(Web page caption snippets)
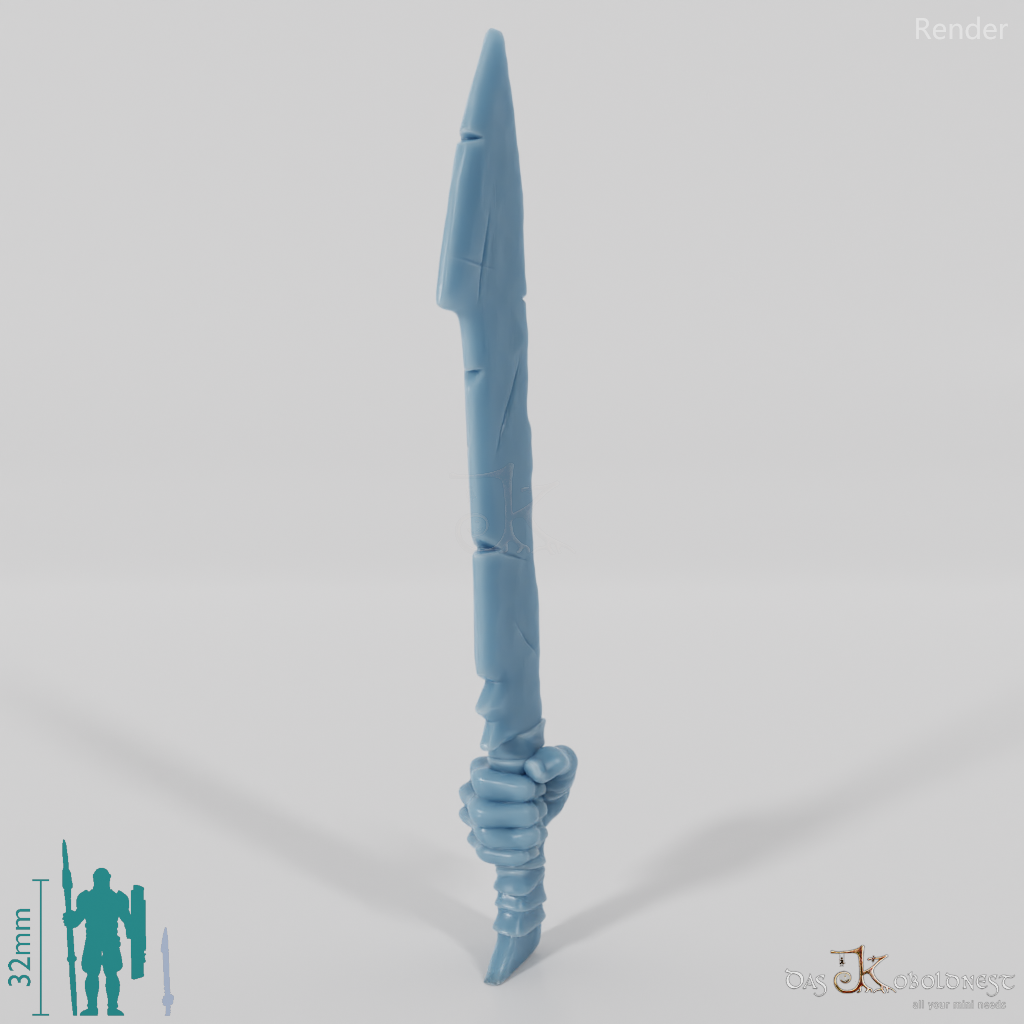 Half-orc sword C with hand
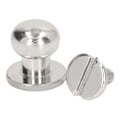 Miniatyrbild 8 av 8: 200 Set Munknit Högglans Glattare 10x8mm Utsökt Hantverk Läder DIY Hantverksmaterial för DIY Kläder Väskor Silver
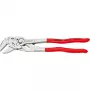 Knipex kliešťový kľúč 250 poniklované PVC leštené čeľuste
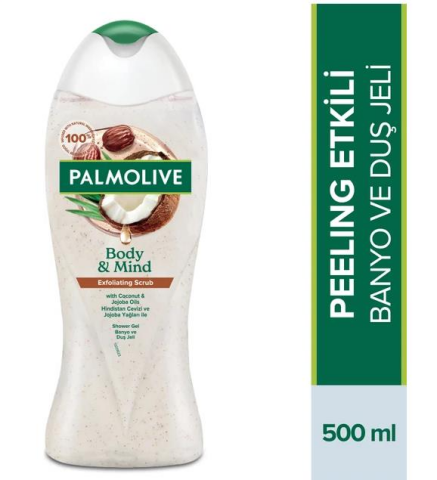 Body & Mind Hindistan Cevizi ve Jojoba Yağları Peeling Etkili Duş Jeli 500 ml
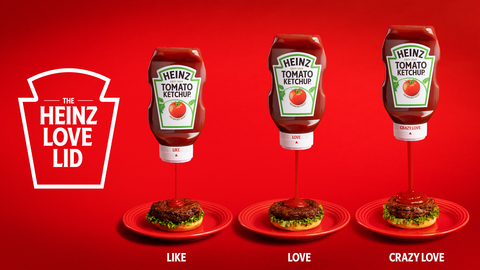 original After more than 157 years in the ketchup game and just in time for peak grilling season, HEINZ is reimagining its ketchup bottle with the debut of the HEINZ Love Lid — the first customizable ketchup lid designed to let fans choose their perfect squeeze.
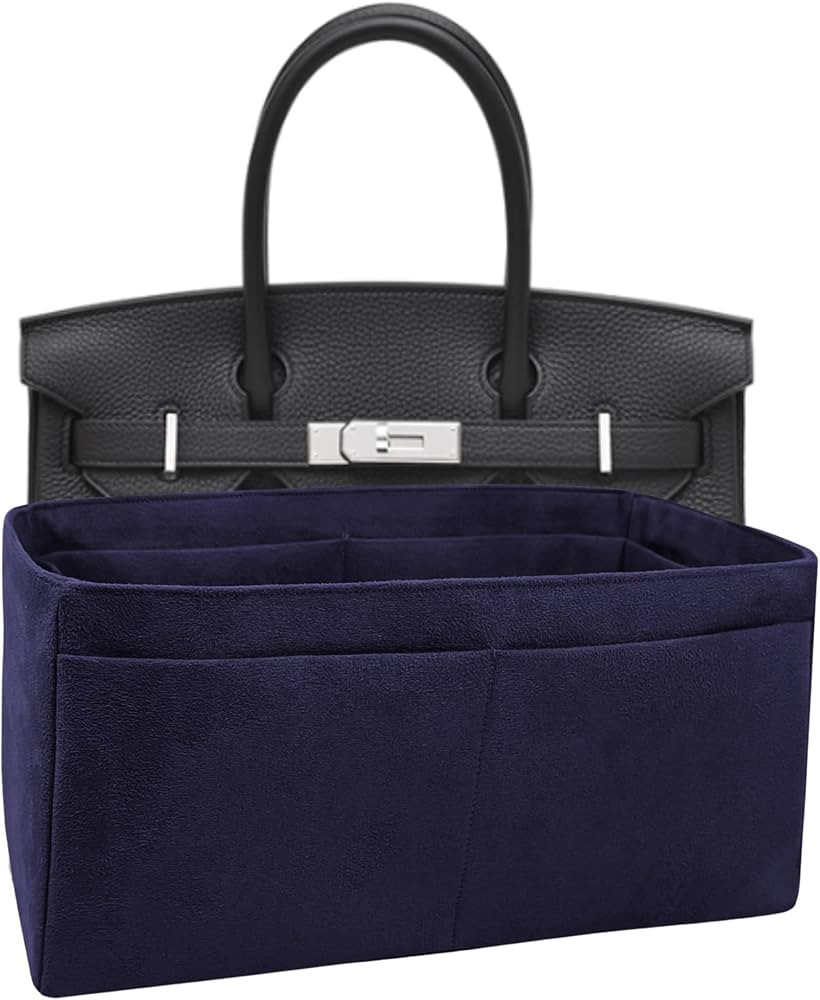 Purse organizer insert for Birkin 30, Bag Handbag, Faux Suede Soft and Smooth Lightweight Fits Pe... | Amazon (US)
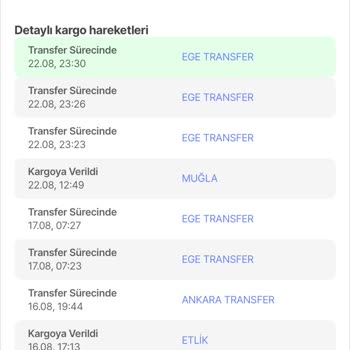Aras Kargo Teslim Olmayan Kargo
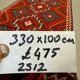 Turkish kilim runner 330x100 cm, vintage kelim rug, long and narrow 2512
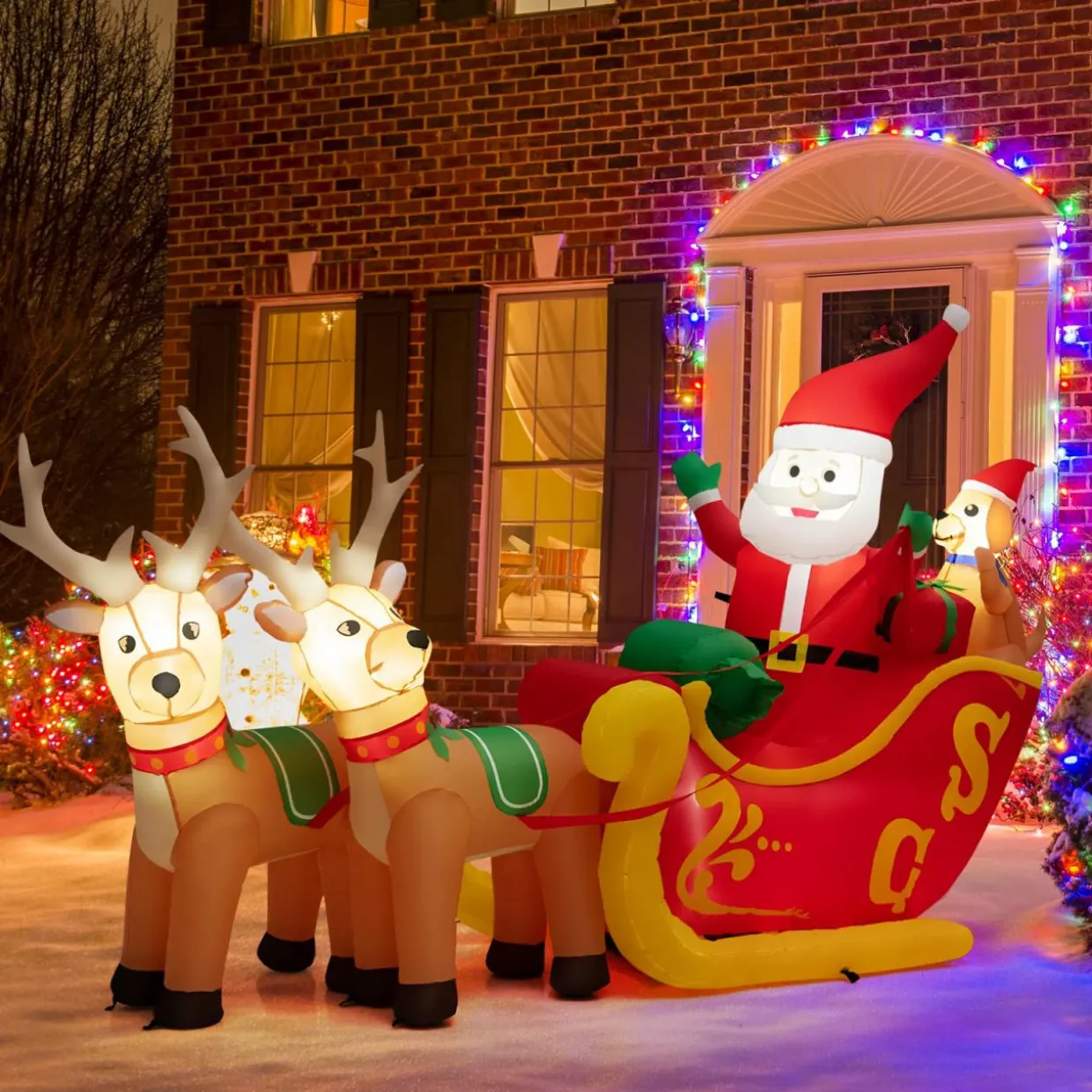 Tangkula Indoor & Outdoor Holiday Decor for Christmas Party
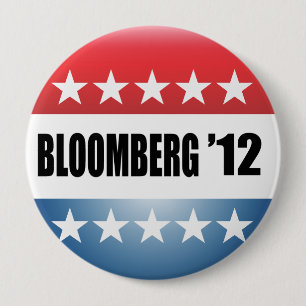 CHAPA REDONDA DE 10 CM MICHAEL BLOOMBERG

— Task requirements —
Nothing but the lines from the line holding "Aras Kargo Teslim Olmayan Kargo" through the last line of the entries above is to be reproduced, exactly and without pictures.

— Worked solution —
Aras Kargo Teslim Olmayan Kargo
 Turkish kilim runner 330x100 cm, vintage kelim rug, long and narrow 2512
 Tangkula Indoor & Outdoor Holiday Decor for Christmas Party
 CHAPA REDONDA DE 10 CM MICHAEL BLOOMBERG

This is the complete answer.